Return the entries in their entirety, precisely as given.

[Start of Attachment]

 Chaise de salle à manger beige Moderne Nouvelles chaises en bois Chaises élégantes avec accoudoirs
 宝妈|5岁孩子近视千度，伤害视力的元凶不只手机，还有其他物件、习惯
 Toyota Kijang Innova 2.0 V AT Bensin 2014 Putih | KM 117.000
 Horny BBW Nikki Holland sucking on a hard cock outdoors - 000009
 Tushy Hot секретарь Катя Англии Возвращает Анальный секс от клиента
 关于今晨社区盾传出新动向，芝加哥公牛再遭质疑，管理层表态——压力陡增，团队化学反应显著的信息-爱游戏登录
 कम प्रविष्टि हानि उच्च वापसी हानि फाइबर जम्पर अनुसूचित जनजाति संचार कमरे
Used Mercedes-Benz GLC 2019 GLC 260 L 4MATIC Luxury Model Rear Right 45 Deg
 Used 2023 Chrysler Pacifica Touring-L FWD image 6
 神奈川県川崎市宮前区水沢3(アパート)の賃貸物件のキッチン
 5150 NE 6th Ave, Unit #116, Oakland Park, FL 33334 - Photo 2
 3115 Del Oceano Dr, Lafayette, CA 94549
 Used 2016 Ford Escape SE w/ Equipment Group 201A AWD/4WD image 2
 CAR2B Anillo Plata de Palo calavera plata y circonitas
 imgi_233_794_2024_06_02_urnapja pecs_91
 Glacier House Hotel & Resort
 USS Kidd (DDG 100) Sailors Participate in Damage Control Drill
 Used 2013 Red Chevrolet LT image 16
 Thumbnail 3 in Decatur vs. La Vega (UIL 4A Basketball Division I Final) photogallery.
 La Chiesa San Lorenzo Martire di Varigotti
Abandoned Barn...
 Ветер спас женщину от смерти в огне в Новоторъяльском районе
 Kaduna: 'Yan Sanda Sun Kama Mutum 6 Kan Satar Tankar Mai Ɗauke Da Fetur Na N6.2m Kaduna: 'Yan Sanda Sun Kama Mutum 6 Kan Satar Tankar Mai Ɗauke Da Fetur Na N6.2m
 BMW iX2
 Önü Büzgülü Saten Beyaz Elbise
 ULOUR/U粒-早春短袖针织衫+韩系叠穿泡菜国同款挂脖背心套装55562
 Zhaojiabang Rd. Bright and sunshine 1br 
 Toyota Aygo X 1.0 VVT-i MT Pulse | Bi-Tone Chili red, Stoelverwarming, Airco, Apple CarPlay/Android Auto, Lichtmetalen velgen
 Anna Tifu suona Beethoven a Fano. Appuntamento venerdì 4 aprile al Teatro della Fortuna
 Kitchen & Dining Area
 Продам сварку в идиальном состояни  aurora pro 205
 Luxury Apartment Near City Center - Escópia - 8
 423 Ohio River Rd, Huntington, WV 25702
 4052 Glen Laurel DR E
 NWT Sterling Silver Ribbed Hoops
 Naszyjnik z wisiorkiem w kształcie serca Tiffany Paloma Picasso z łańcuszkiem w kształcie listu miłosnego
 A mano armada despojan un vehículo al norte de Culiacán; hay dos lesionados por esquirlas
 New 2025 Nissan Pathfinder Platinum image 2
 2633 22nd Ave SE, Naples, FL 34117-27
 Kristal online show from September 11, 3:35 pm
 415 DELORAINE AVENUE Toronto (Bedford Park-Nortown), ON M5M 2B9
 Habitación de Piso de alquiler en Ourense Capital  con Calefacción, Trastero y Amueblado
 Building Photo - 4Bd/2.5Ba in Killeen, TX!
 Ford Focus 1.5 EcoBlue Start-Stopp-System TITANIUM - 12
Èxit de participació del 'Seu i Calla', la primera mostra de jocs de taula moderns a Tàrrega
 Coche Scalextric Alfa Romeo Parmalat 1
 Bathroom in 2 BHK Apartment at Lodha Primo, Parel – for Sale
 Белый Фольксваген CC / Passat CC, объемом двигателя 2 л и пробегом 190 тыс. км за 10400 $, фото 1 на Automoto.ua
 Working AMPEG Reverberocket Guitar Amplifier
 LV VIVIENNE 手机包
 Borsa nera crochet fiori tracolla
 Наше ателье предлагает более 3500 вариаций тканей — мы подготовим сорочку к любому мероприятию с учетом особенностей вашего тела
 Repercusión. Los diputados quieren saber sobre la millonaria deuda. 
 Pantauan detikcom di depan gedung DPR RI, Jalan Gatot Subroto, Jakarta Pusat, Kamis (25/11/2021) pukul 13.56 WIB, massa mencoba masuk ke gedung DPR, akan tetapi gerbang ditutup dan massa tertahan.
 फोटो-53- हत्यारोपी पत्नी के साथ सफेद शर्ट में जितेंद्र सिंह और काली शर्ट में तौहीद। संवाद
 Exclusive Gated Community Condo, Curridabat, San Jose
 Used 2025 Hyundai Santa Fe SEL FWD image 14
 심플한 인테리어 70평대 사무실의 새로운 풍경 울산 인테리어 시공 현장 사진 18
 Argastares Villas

[End of Attachment]

### Reply to the task
 Chaise de salle à manger beige Moderne Nouvelles chaises en bois Chaises élégantes avec accoudoirs
 宝妈|5岁孩子近视千度，伤害视力的元凶不只手机，还有其他物件、习惯
 Toyota Kijang Innova 2.0 V AT Bensin 2014 Putih | KM 117.000
 Horny BBW Nikki Holland sucking on a hard cock outdoors - 000009
 Tushy Hot секретарь Катя Англии Возвращает Анальный секс от клиента
 关于今晨社区盾传出新动向，芝加哥公牛再遭质疑，管理层表态——压力陡增，团队化学反应显著的信息-爱游戏登录
 कम प्रविष्टि हानि उच्च वापसी हानि फाइबर जम्पर अनुसूचित जनजाति संचार कमरे
Used Mercedes-Benz GLC 2019 GLC 260 L 4MATIC Luxury Model Rear Right 45 Deg
 Used 2023 Chrysler Pacifica Touring-L FWD image 6
 神奈川県川崎市宮前区水沢3(アパート)の賃貸物件のキッチン
 5150 NE 6th Ave, Unit #116, Oakland Park, FL 33334 - Photo 2
 3115 Del Oceano Dr, Lafayette, CA 94549
 Used 2016 Ford Escape SE w/ Equipment Group 201A AWD/4WD image 2
 CAR2B Anillo Plata de Palo calavera plata y circonitas
 imgi_233_794_2024_06_02_urnapja pecs_91
 Glacier House Hotel & Resort
 USS Kidd (DDG 100) Sailors Participate in Damage Control Drill
 Used 2013 Red Chevrolet LT image 16
 Thumbnail 3 in Decatur vs. La Vega (UIL 4A Basketball Division I Final) photogallery.
 La Chiesa San Lorenzo Martire di Varigotti
Abandoned Barn...
 Ветер спас женщину от смерти в огне в Новоторъяльском районе
 Kaduna: 'Yan Sanda Sun Kama Mutum 6 Kan Satar Tankar Mai Ɗauke Da Fetur Na N6.2m Kaduna: 'Yan Sanda Sun Kama Mutum 6 Kan Satar Tankar Mai Ɗauke Da Fetur Na N6.2m
 BMW iX2
 Önü Büzgülü Saten Beyaz Elbise
 ULOUR/U粒-早春短袖针织衫+韩系叠穿泡菜国同款挂脖背心套装55562
 Zhaojiabang Rd. Bright and sunshine 1br 
 Toyota Aygo X 1.0 VVT-i MT Pulse | Bi-Tone Chili red, Stoelverwarming, Airco, Apple CarPlay/Android Auto, Lichtmetalen velgen
 Anna Tifu suona Beethoven a Fano. Appuntamento venerdì 4 aprile al Teatro della Fortuna
 Kitchen & Dining Area
 Продам сварку в идиальном состояни  aurora pro 205
 Luxury Apartment Near City Center - Escópia - 8
 423 Ohio River Rd, Huntington, WV 25702
 4052 Glen Laurel DR E
 NWT Sterling Silver Ribbed Hoops
 Naszyjnik z wisiorkiem w kształcie serca Tiffany Paloma Picasso z łańcuszkiem w kształcie listu miłosnego
 A mano armada despojan un vehículo al norte de Culiacán; hay dos lesionados por esquirlas
 New 2025 Nissan Pathfinder Platinum image 2
 2633 22nd Ave SE, Naples, FL 34117-27
 Kristal online show from September 11, 3:35 pm
 415 DELORAINE AVENUE Toronto (Bedford Park-Nortown), ON M5M 2B9
 Habitación de Piso de alquiler en Ourense Capital  con Calefacción, Trastero y Amueblado
 Building Photo - 4Bd/2.5Ba in Killeen, TX!
 Ford Focus 1.5 EcoBlue Start-Stopp-System TITANIUM - 12
Èxit de participació del 'Seu i Calla', la primera mostra de jocs de taula moderns a Tàrrega
 Coche Scalextric Alfa Romeo Parmalat 1
 Bathroom in 2 BHK Apartment at Lodha Primo, Parel – for Sale
 Белый Фольксваген CC / Passat CC, объемом двигателя 2 л и пробегом 190 тыс. км за 10400 $, фото 1 на Automoto.ua
 Working AMPEG Reverberocket Guitar Amplifier
 LV VIVIENNE 手机包
 Borsa nera crochet fiori tracolla
 Наше ателье предлагает более 3500 вариаций тканей — мы подготовим сорочку к любому мероприятию с учетом особенностей вашего тела
 Repercusión. Los diputados quieren saber sobre la millonaria deuda. 
 Pantauan detikcom di depan gedung DPR RI, Jalan Gatot Subroto, Jakarta Pusat, Kamis (25/11/2021) pukul 13.56 WIB, massa mencoba masuk ke gedung DPR, akan tetapi gerbang ditutup dan massa tertahan.
 फोटो-53- हत्यारोपी पत्नी के साथ सफेद शर्ट में जितेंद्र सिंह और काली शर्ट में तौहीद। संवाद
 Exclusive Gated Community Condo, Curridabat, San Jose
 Used 2025 Hyundai Santa Fe SEL FWD image 14
 심플한 인테리어 70평대 사무실의 새로운 풍경 울산 인테리어 시공 현장 사진 18
 Argastares Villas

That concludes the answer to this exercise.